EXERCISE DATA:
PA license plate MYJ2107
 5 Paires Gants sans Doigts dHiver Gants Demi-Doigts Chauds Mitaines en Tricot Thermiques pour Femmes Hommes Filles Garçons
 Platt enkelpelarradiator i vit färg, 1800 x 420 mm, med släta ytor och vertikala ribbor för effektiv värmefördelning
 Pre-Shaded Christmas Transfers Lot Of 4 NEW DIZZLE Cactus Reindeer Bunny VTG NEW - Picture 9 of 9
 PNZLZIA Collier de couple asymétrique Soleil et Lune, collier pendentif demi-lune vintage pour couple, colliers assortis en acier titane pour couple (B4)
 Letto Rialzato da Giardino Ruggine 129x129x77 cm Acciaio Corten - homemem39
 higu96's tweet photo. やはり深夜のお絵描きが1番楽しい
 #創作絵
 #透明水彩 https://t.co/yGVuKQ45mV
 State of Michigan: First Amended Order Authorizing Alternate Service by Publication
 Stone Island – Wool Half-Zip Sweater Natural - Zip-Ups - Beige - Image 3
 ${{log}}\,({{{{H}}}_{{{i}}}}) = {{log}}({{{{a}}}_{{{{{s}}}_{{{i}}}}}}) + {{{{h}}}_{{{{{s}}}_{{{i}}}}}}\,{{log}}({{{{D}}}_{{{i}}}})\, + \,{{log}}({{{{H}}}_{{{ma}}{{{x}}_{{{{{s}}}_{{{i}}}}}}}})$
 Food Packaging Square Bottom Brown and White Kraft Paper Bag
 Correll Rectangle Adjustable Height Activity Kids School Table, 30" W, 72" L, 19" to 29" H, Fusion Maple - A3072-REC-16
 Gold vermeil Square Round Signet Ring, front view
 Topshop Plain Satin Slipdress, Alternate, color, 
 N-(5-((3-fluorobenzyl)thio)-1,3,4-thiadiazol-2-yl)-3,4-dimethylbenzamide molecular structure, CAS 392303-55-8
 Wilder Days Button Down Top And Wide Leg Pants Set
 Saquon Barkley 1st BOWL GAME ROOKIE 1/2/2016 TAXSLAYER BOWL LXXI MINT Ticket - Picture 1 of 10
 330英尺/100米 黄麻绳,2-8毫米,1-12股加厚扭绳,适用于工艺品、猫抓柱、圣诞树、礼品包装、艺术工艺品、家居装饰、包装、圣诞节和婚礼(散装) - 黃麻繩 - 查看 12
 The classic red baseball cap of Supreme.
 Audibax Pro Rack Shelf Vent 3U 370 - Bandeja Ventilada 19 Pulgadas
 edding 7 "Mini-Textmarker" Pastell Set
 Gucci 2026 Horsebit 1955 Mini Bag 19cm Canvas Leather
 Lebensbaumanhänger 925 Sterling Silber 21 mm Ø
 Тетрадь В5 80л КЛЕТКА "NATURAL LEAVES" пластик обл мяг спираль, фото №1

WHAT THE TASK ASKS:
Among the entries above, copy exactly only the lines starting with the one containing "黃麻繩 - 查看 12" and going through the one containing "Lebensbaumanhänger 925 Sterling", both ends included.

YOUR SOLUTION:
 330英尺/100米 黄麻绳,2-8毫米,1-12股加厚扭绳,适用于工艺品、猫抓柱、圣诞树、礼品包装、艺术工艺品、家居装饰、包装、圣诞节和婚礼(散装) - 黃麻繩 - 查看 12
 The classic red baseball cap of Supreme.
 Audibax Pro Rack Shelf Vent 3U 370 - Bandeja Ventilada 19 Pulgadas
 edding 7 "Mini-Textmarker" Pastell Set
 Gucci 2026 Horsebit 1955 Mini Bag 19cm Canvas Leather
 Lebensbaumanhänger 925 Sterling Silber 21 mm Ø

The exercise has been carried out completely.